The 10-year treasury yield topped on 10/21/2022, a few days after the stock market bottomed on 10/13/2022.  The falling 10-year treasury yield since 10/21/2022 confirmed that inflation has peaked and therefore it gave room for the equities to rise.  The bond market gave the middle finger to the Fed for the reasons below:

  1. Inflation is already falling and the Fed doesn’t need to raise rates much higher
  2. The economy is already slowing down and further tightening will crash the entire financial system which will lead to hard landing. Will the White House allow the Fed to be unhinged as we are getting closer to the election season again in summer 2023?  Of course, NO.
  3. The government fudges inflation data all the time. The formula for the CPI has been routinely altered. Real Estate used to be included but when that was rising too much, they replaced that with rents.
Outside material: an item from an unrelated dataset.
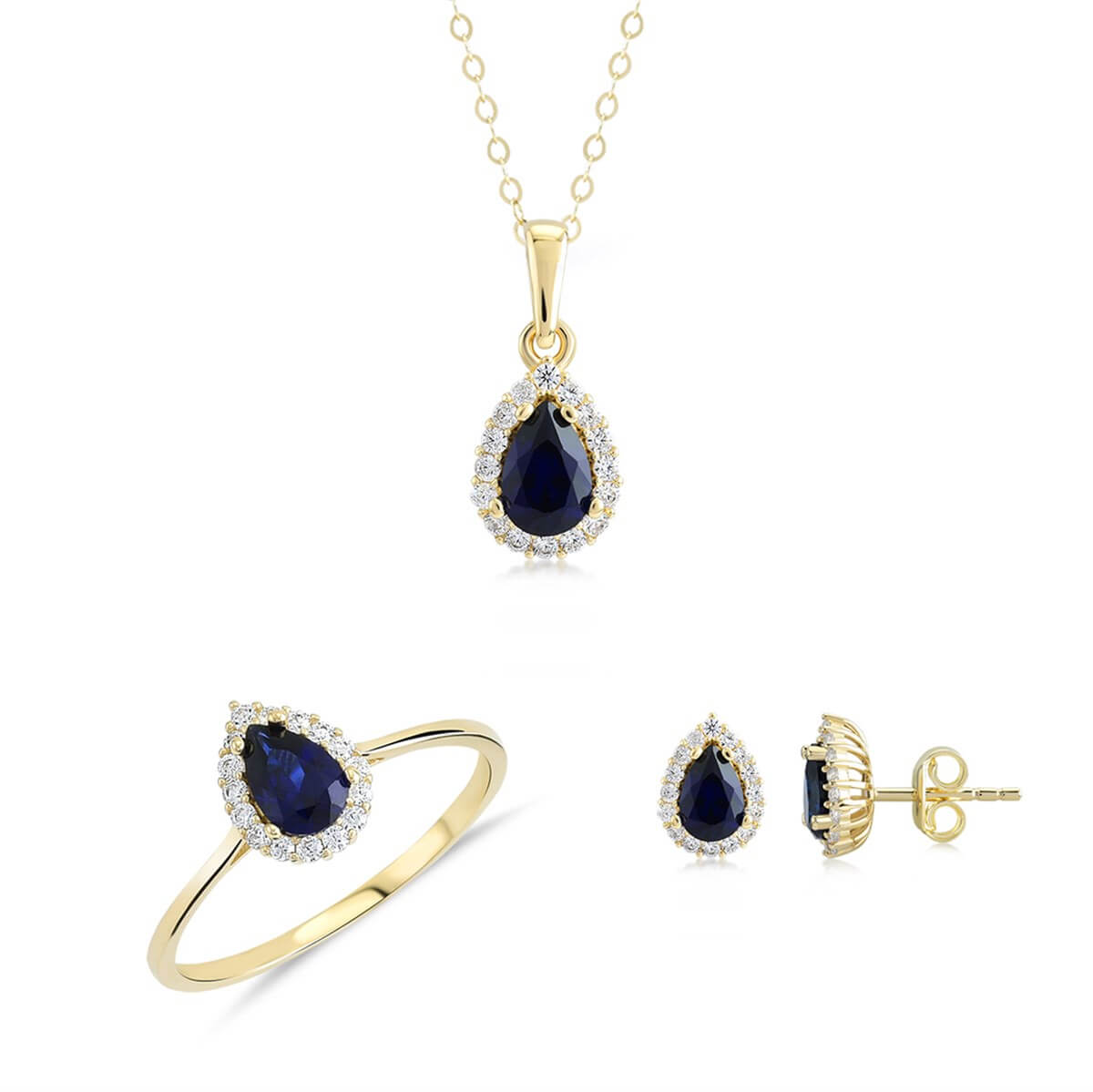Damla Taşlı Altın Fantezi Set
When rents started rising, they replaced them with controlled rents.

With the bond market giving consistent lower interest rates signal, the NASDAQ finally got it.  The triple bottom in the NASDAQ we blogged last week paved the way for it to reach its 200-day moving average last week.

The market is quite comfortable with lots of liquidity.  In any other time when the Fed raised Fed Funds rate from zero to 4.25%-4.50% in less than 12 months, the market would crash 50% minimum.  The S&P 500 crashed 57% in 17 months during the financial crisis in 2009.  This time the S&P 500 corrected 27% in 10 months. We can’t emphasize enough that the market doesn’t have a structural problem like any other time.  The structural problems existed in Cryptocurrency market, not in the traditional stock market.
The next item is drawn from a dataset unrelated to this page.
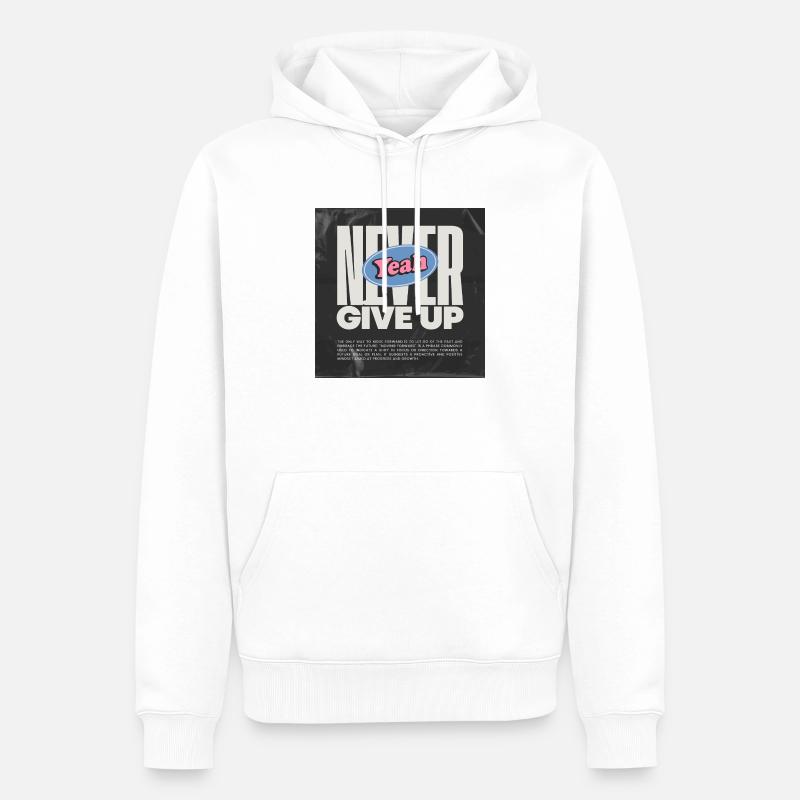 Design cool BW avec un autocollant « YEAH » cool dessus. - Sweat à capuche Premium bio Homme - blanc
The king of growth stock Tesla reported earnings last week and it was not as bad as feared.  TSLA had a great week and our calls paid off handsomely.  The bullish trend in TSLA was established prior to the earnings report.  We bet the market would react to the earnings in the direction of the established trend, regardless what the earnings would actually be.

Microsoft reported earnings and the initial reaction was negative.  But soon the market harped on the AI story with Microsoft and all the losses were wiped off.

Next week we will have the much anticipated Fed meeting and a Tech-Heavy earnings week.  Will the market sustain the rally?

We believe the upward momentum will last to at least April/May time frame.  There will be volatility surrounding the Fed meeting and earnings.  But the bullish trend will be intact.  Why?

  1. The majority people have been anticipating an immediate recession (or at least an earnings recession–meaning very bad Q4 earnings) and a very bad stock market in the first half of 2023 to continue the bad 2022.  You know the market makes up its own mind and it is determined to hurt the most of the people at all times by design.  The strong open in 2023 is indicating a very good stock market in the first half of 2023.
  2. The Fed is closer to the end of the rate hiking cycle and inflation data continue to get better.  The economic data continue to be strong.  A recession is not in the immediate horizon.
  3. The incessant talk of recession made this recession most anticipated one, if this one ever arrives.  We believe a recession will come upon us unannounced sometime in Q12024 and the Fed will pivot then.  Yes, the Fed will keep the rates high in most of 2023, but at least we know what the Fed funds rate is and we can price thing accordingly.

Why April/May time frame?  The mid October low is a seasonal low.  Normally when a market comes out of a seasonal low, we can expect it to run at least seven months, which will be around late April to May time frame.  April/May is a seasonal high location.  The rally could run further than April/May because the hated persistent rally will confuse a lot of people and a FOMO will kick in at the end of the rally.

Below is the NASDAQ weekly chart.  You can see that the NASDAQ clearly closed above a 3-point trend line on the weekly chart.  A 3-point trend line is significant.  The most oversold growth stocks will come back to life following the NASDAQ.  But don’t expect them to make new highs yet.  A true bull market will start in 2024 when the Fed is our friend again.